Tír na nÓg - I Have Known Love EP

by Jeff Penczak Rating:10 Release Date:2014-05-31

The legendary Irish acid-folk duo return with three original tracks and an awe-inspiring cover of the title track, originally recorded by Silver Apples on their sophomore album 45 years ago. Championed by John Peel, gigging alongside Tull, The Who, Procol Harum, the Fairports and Steeleyes, Leo O’Kelly and Sonny Condell have produced some of the finest music ever to emanate from the Emerald Isle. In other words, they’re bloody Irish music treasures.

So it is with baited-breath and nervous fingers that I set the needle down on this limited-edition, 7in coloured vinyl.

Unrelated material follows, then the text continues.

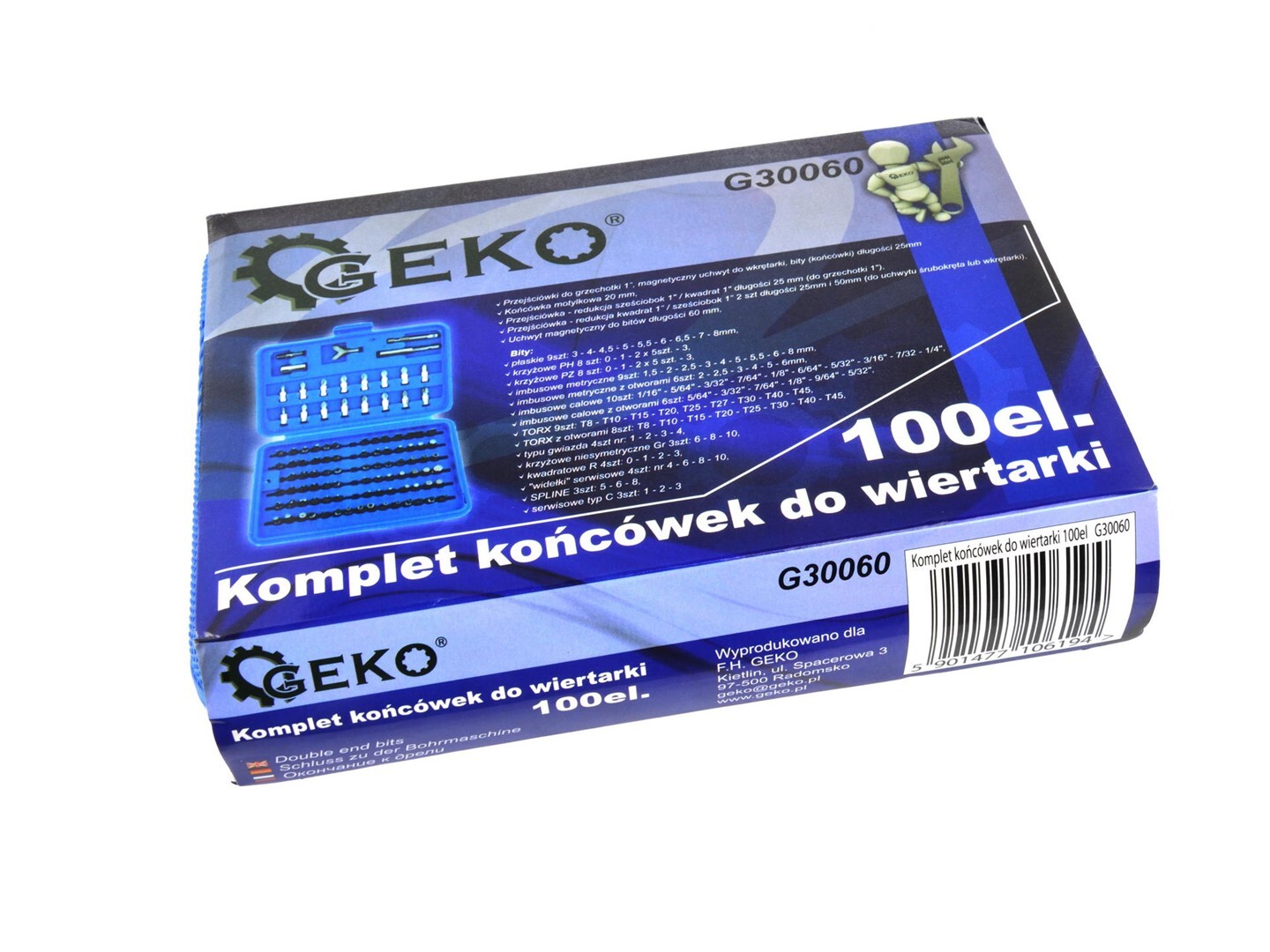 100 dielna sada skrutkovacích bitov 1/4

Too often the ‘old timers’ return after the music world has finally caught up with their genius and have a go at rekindling the old fires. And far too often, those new fires should turn the results to kindling, indeed. Thankfully, that’s not the case here, as talent this strong never fades away and their return is as golden-eyed and honey-hued as ever.

For starters, they turn the electronic evocations and bubbling motoric beats of Simeon’s oscillators into a forlorn ballad of lost love, focusing on the tender, emotional lyrics, slowing down the beat, and delivering something which could easily have sat on any of their three seminal 70s albums. It sends shivers down the spine and tears down the cheeks.

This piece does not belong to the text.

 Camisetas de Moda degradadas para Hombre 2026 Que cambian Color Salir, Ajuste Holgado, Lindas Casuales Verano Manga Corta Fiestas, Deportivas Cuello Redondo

The first of the three originals is Condell’s ‘You in Yellow’, another evocative tale which paints a picture with words. It’s essentially the observations of Sonny and his wife overlooking Dalkey Island and Dublin Bay on a warm day several years ago, but it’s timeless in its execution. Tasteful violin accompaniment and a gentle acoustic guitar complete the package.

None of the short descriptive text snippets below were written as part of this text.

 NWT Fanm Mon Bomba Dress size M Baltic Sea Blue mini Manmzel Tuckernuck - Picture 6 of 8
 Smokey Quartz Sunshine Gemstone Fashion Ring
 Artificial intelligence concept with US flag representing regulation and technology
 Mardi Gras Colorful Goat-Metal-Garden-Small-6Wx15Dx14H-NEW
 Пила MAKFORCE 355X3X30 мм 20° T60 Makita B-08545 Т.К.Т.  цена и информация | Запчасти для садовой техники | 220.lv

‘The Angelus’ is reminiscent of Kitchen Cynics: soft, visual, recollecting times gone by with 21st century eyes (with wonderful images of the effects of the seasons on the birds as they pass through the Irish countryside). Finally, ‘I Pick Up Birds at Funerals’ adds a comic touch to the proceedings, demonstrating O’Kelly’s unique tactic for, well, let’s just say he’s not talking about our avian friends. An essential purchase.